Exercise: When you write out the listing below, keep each word exactly as it stands and drop the pictures.

Collected data:
______
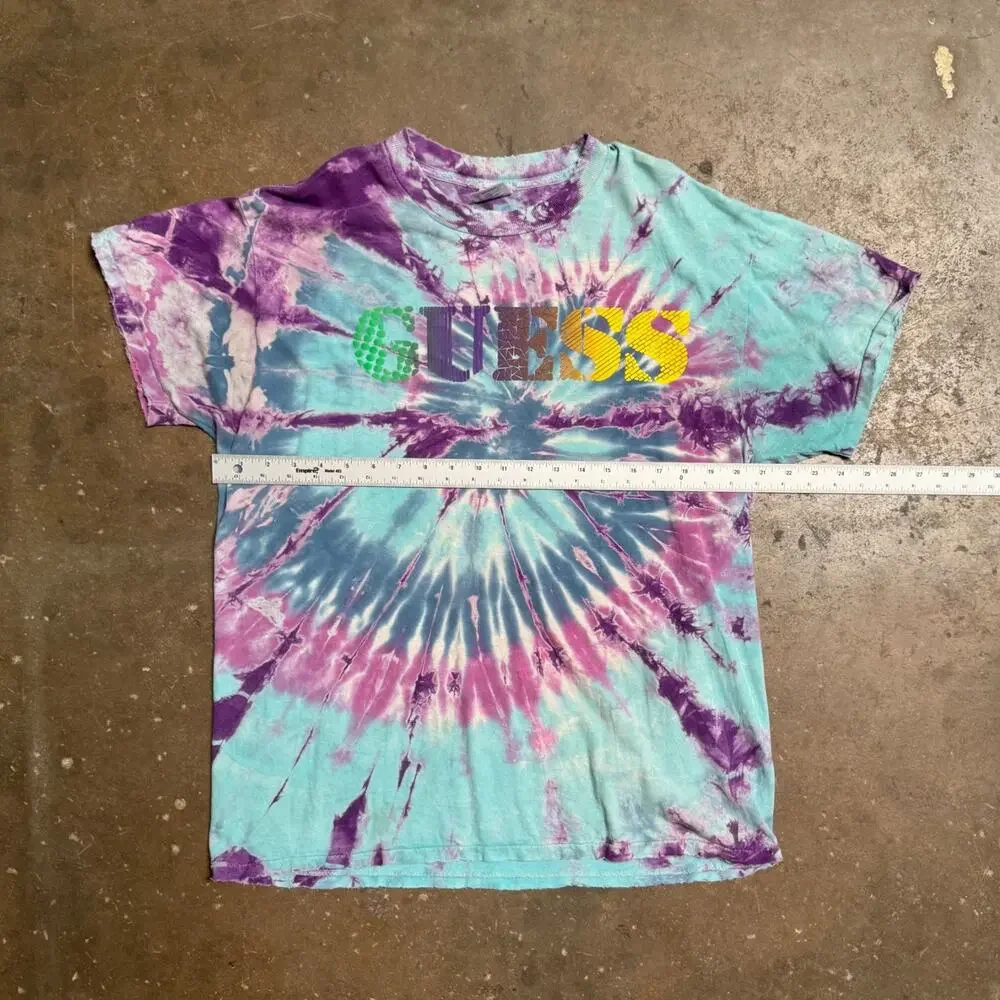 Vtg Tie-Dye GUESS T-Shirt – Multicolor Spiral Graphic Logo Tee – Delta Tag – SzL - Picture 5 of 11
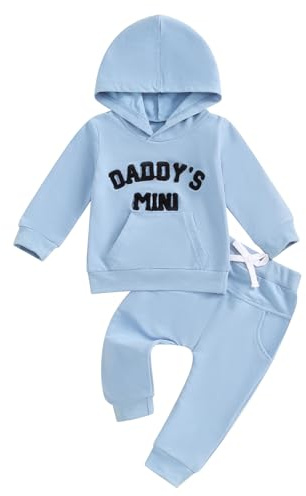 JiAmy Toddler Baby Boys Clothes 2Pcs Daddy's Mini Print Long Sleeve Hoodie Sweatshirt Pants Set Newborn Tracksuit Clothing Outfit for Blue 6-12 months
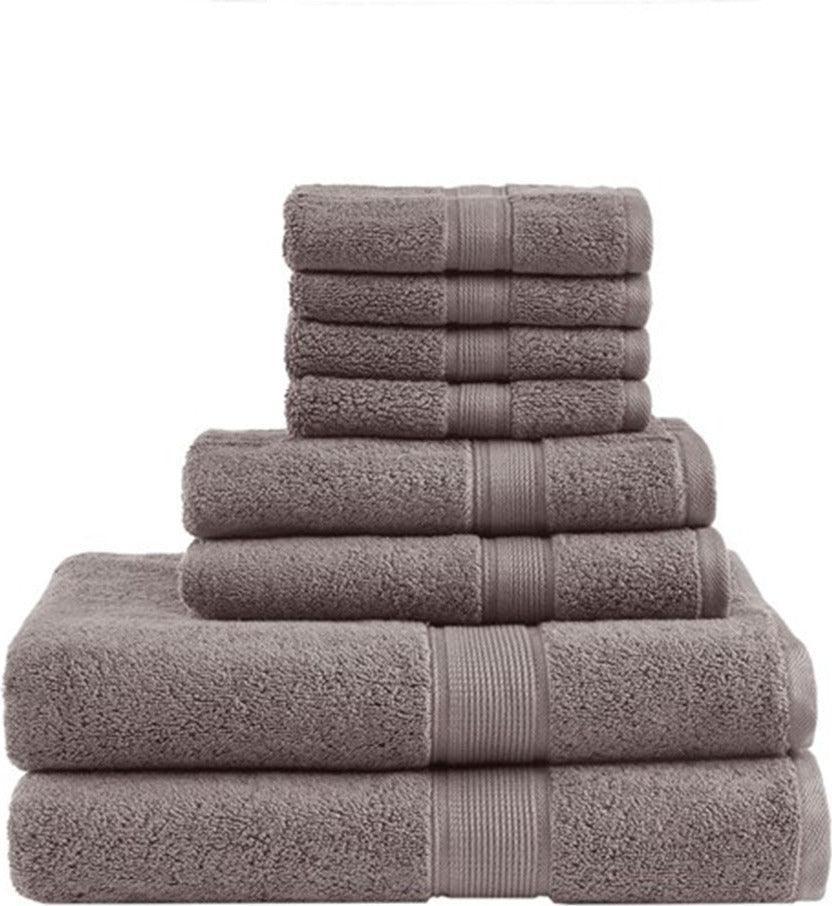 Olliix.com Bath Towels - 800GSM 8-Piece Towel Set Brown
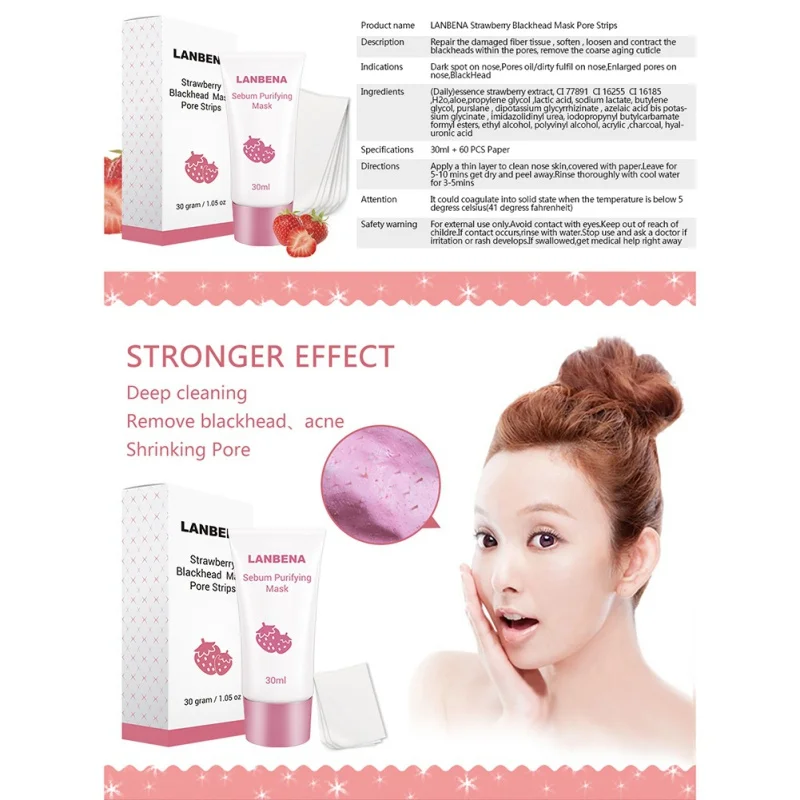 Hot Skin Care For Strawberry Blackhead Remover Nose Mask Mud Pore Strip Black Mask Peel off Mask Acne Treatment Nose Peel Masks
______
Your response:
 Vtg Tie-Dye GUESS T-Shirt – Multicolor Spiral Graphic Logo Tee – Delta Tag – SzL - Picture 5 of 11
 JiAmy Toddler Baby Boys Clothes 2Pcs Daddy's Mini Print Long Sleeve Hoodie Sweatshirt Pants Set Newborn Tracksuit Clothing Outfit for Blue 6-12 months
 Olliix.com Bath Towels - 800GSM 8-Piece Towel Set Brown
 Hot Skin Care For Strawberry Blackhead Remover Nose Mask Mud Pore Strip Black Mask Peel off Mask Acne Treatment Nose Peel Masks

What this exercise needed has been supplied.